Hood walks outside and is shot in the head by Flamingo, which only breaks his stupid helmet. Flamingo is revealed to be this Prince looking guy, but he is a brainless killer with a whip. He beats up Scarlet and Jason, until Robin interrupts him with a rocket launcher, and Batman kicks him in the face. He’s winning the fight until he gets knocked into a convenient cliff in the area. Batman manages to grapple back up, but not before Flamingo shoots Robin five times, paralyzing him. Jason picks up Flamingo with an industrial vehicle and drops him off the cliff, killing him. Things wrap up quick with Jason being arrested, Scarlet escaping while the doll mask falls off, and Jason ranting and raving that Damian will be healed by a Lazarus Pit, but that Dick won’t allow Bruce to come back because he’s afraid of being in his shadow. We end the book with Dick going into a hidden room in the Batcave with Bruce’s body preserved in it.

I do kind of feel bad for Jason here, though. Kudos to the artist for that.
I do kind of feel bad for Jason here, though. Kudos to the artist for that.

Yeah, if you read Final Crisis or anything surrounding it you know that’s not Batman’s body. Anyway, ratings time.

Plot: It’s definitely a Batman detective story, but with the slant of having a new Batman. The second arc is more the classic revenge story, but the interactions are smart.
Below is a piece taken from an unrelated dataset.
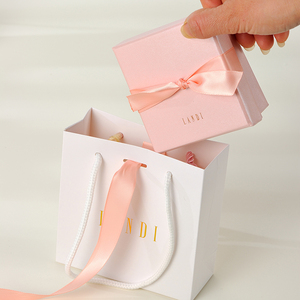 Emballage cadeau simple et élégant, pochette à bijoux et insert pour carte, sacs à bijoux, boîtes à bijoux avec pochettes - Product Image 1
Characters: Everyone fills the role you’d expect, Dick is unsure about being Batman, Damian is the bratty sidekick, and Alfred is their father figure. Sasha is a tragic character, and her finding happiness at the end is nice. Jason however, is just complex. He goes from father figure of Scarlet to social media savvy teenager with his own daddy issues.

Action: The action is pretty great, especially in the first arc. The comic boxes shift to slanted boxes that follow the battle, making it flow better.

Art: The art is solid, but in the first arc the characters have too many lines on them and look kind of puffy for it. It’s just odd to me.

Ending: The ending doesn’t work for me because I know that’s not Batman. I do kind of want to know who’s body is that, though.

Final Thoughts; And now it’s time for the symbolism. There’s a lot of references to Alan Moore’s previous works here, like the Joker’s carnival from The Killing Joke and Jason Todd’s resemblance to Rorschach from Watchmen. Another Killing Joke reference is Damian being crippled, and that Jason Todd refuses to turn himself in, like the Joker did. Anyway, the book was very good, and this symbolism is just fun stuff that Grant Morrison slips in. The downside would have to be Jason Todd’s character, but the new villains, Pyg and Flamingo, are great additions and I’d like to see more of Pyg.